Google and Relationships

June 23, 2009

John A. Byrne, Executive Editor at BusinessWeek, spoke at the 140 Characters conference last week and he made some powerful statements about Google and the media industry that offer stark contrast with the views expressed by some other media organizations in recent months:

Google is fantastic because it allows people to discover you. But when people type in a query in that simple little box, they’re agnostic as to brand. They want the information, they don’t care where they go. And so, essentially it’s a machine to destroy relationships that people have with either yourself or your brand…

I think it’s important to think about Google in that way, not in the negative sense, but in the way that makes you to do something to counteract that transactional nature that breaks down the relationships.

And that’s why I think engagement is the single most important thing we need to work on because we have largely been divorced from our audiences…FOREVER, we don’t have enough respect for the people who read us and are even influenced by us. I think we truly need to deeply engage and collaborate with our audience to expand it and to protect it from this major transaction mechanism…

I think this is an excellent way to think about Google, particularly the attitude towards solving the problem Google presents. Although, Google doesn’t necessarily destroy any real relationships as much as it highlights where there were none to start with and creates its own.

Engagement may help, but it sounds like an attempt to build (or rebuild) old relationships that are based on an affinity with news brands by involving users as collaborators. This may help to align the actual collaborators with a particular news brand. It may also improve the perceived value of that content by other users, but I’m not sure it’s enough to help large numbers of users bypass search engines.

Collaboration and other forms of engagement are important because they create interactions. But there are lots of other, user-driven interactions that are already taking place – commenting, bookmarking, posting, tweeting etc. Remembering all of these interactions and by extension remembering and distinguishing between users can lead to real relationships, and it scales.

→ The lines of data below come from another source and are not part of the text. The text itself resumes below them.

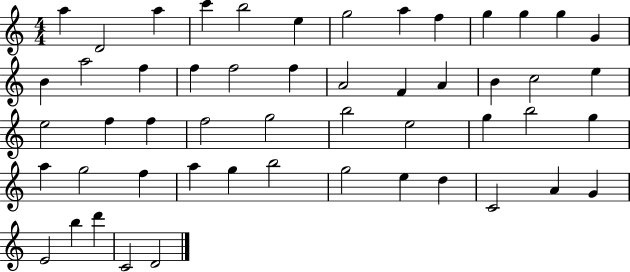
{
  \clef treble
  \numericTimeSignature
  \time 4/4
  \key c \major
  a''4 d'2 a''4 | c'''4 b''2 e''4 | g''2 a''4 f''4 | g''4 g''4 g''4 g'4 | \break b'4 a''2 f''4 | f''4 f''2 f''4 | a'2 f'4 a'4 | b'4 c''2 e''4 | \break e''2 f''4 f''4 | f''2 g''2 | b''2 e''2 | g''4 b''2 g''4 | \break a''4 g''2 f''4 | a''4 g''4 b''2 | g''2 e''4 d''4 | c'2 a'4 g'4 | \break e'2 b''4 d'''4 | c'2 d'2 | \bar "|."
}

Amazon knows who I am, what I’ve bought and what I’ve looked at. It uses that information to suggest what else I might like (as well as knowing how to charge me and where to ship etc). Media organizations could do exactly the same thing by knowing what I’ve read, what I’ve commented on, what I’ve shared (as well as where I live etc) to recommend articles and what ever else they can offer me based on what they know about me.

If you truly know your users and have real, learned relationships with them, they shouldn’t need to go anywhere near Google unless it’s to search for you specifically because they need an exact URL.